◆ **Problem**
From the opening line of the records through the line bearing "Lenovo ThinkVision P40w-20", set down every line exactly.

Short web captions:
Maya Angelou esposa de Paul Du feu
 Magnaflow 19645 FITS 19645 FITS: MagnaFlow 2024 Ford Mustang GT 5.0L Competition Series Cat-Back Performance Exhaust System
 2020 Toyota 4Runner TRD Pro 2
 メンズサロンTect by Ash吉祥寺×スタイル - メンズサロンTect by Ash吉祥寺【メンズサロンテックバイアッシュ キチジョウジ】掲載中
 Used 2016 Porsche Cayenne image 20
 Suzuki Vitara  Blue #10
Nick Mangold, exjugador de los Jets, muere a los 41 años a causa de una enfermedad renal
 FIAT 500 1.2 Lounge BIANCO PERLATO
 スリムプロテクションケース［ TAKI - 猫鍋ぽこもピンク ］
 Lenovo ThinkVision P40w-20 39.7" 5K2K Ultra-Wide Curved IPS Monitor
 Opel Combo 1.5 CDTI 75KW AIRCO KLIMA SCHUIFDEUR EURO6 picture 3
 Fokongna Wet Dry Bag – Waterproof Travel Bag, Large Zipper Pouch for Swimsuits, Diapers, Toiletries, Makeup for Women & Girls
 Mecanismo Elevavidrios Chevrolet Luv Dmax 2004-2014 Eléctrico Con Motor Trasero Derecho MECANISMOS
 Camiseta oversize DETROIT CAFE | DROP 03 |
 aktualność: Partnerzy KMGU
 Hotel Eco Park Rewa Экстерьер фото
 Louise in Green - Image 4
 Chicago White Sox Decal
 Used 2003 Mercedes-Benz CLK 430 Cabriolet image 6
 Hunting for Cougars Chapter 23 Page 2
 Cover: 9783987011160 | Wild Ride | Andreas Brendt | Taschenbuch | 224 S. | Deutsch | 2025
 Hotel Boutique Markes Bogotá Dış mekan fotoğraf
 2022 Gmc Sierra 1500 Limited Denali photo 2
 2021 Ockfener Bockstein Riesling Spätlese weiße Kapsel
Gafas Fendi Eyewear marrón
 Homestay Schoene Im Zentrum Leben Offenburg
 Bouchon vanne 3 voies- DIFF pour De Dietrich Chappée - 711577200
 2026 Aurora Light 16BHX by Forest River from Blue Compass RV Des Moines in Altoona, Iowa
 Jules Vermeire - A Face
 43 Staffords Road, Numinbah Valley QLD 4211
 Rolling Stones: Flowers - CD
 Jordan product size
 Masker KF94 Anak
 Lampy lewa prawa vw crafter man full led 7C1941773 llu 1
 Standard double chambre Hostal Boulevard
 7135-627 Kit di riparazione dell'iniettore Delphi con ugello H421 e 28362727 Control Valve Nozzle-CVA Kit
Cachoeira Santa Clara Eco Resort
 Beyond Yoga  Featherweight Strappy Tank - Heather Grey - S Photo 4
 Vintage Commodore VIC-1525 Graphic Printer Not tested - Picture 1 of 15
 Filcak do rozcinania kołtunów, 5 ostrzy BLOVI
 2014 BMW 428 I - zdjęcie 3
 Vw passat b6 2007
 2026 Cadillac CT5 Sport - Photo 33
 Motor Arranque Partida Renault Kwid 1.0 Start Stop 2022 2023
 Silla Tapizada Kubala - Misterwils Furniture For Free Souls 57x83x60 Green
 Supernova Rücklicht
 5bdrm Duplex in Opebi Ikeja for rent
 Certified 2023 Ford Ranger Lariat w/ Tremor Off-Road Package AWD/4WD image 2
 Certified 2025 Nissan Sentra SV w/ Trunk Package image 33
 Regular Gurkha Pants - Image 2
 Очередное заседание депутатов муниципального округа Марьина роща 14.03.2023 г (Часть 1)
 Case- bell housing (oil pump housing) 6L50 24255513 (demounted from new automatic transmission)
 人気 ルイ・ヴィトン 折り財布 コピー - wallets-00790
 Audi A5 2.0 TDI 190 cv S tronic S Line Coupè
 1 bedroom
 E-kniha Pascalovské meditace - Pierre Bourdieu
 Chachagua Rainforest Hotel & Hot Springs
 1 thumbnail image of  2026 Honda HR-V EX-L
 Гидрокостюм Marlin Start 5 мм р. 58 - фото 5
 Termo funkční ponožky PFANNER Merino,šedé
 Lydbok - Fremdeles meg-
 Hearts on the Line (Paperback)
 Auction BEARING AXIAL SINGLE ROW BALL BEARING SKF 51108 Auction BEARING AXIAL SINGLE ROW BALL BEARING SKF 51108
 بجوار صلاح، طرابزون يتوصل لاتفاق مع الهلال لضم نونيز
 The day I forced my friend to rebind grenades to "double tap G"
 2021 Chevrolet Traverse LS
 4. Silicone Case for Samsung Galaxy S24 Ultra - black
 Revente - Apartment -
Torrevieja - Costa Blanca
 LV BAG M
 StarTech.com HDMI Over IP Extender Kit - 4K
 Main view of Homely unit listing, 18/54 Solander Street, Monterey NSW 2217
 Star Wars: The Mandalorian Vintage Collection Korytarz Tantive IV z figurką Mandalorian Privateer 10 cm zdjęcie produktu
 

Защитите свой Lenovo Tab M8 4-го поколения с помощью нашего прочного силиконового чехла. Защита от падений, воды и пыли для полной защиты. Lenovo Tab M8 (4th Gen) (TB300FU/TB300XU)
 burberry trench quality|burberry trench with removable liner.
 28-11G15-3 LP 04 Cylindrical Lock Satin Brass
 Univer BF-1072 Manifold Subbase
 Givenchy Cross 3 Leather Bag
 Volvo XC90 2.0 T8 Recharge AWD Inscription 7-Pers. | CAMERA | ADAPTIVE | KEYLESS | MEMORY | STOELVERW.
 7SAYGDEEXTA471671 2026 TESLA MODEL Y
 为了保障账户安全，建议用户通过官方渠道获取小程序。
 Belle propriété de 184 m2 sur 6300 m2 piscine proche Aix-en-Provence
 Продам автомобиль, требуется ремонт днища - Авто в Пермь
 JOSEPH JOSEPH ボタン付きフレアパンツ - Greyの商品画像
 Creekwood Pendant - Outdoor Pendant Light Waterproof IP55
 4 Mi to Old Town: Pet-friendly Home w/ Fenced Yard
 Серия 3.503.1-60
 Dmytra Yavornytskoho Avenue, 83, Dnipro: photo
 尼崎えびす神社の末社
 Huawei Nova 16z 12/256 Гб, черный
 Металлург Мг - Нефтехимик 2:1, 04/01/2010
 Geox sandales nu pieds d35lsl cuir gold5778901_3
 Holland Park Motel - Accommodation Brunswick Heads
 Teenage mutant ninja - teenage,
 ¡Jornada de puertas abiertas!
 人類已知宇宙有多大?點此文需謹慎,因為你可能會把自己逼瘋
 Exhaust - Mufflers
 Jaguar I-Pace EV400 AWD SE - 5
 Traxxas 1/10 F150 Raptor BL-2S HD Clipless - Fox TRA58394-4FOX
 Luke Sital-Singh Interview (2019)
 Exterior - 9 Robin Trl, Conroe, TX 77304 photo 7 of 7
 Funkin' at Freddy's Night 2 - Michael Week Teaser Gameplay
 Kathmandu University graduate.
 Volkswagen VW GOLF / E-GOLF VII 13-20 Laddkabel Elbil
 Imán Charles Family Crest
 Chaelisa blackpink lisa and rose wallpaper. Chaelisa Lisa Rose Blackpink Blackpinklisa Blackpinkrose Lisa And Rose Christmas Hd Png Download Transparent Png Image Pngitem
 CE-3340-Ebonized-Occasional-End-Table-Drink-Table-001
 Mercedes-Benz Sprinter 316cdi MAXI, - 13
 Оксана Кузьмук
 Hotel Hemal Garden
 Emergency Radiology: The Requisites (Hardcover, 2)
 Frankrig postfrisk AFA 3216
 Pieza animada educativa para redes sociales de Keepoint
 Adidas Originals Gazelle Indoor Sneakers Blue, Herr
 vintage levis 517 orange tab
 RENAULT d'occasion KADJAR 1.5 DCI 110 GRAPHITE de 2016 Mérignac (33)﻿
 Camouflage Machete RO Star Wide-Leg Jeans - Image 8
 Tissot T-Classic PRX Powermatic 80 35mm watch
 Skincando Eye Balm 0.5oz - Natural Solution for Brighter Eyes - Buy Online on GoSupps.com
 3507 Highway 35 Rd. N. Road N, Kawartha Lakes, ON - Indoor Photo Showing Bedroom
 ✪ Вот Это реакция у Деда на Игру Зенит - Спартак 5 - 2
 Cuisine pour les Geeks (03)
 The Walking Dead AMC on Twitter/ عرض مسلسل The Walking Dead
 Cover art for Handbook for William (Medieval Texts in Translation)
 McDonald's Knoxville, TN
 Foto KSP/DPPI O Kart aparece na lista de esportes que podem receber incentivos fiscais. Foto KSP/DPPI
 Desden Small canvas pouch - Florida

◆ **Solution to the problem**
Maya Angelou esposa de Paul Du feu
 Magnaflow 19645 FITS 19645 FITS: MagnaFlow 2024 Ford Mustang GT 5.0L Competition Series Cat-Back Performance Exhaust System
 2020 Toyota 4Runner TRD Pro 2
 メンズサロンTect by Ash吉祥寺×スタイル - メンズサロンTect by Ash吉祥寺【メンズサロンテックバイアッシュ キチジョウジ】掲載中
 Used 2016 Porsche Cayenne image 20
 Suzuki Vitara  Blue #10
Nick Mangold, exjugador de los Jets, muere a los 41 años a causa de una enfermedad renal
 FIAT 500 1.2 Lounge BIANCO PERLATO
 スリムプロテクションケース［ TAKI - 猫鍋ぽこもピンク ］
 Lenovo ThinkVision P40w-20 39.7" 5K2K Ultra-Wide Curved IPS Monitor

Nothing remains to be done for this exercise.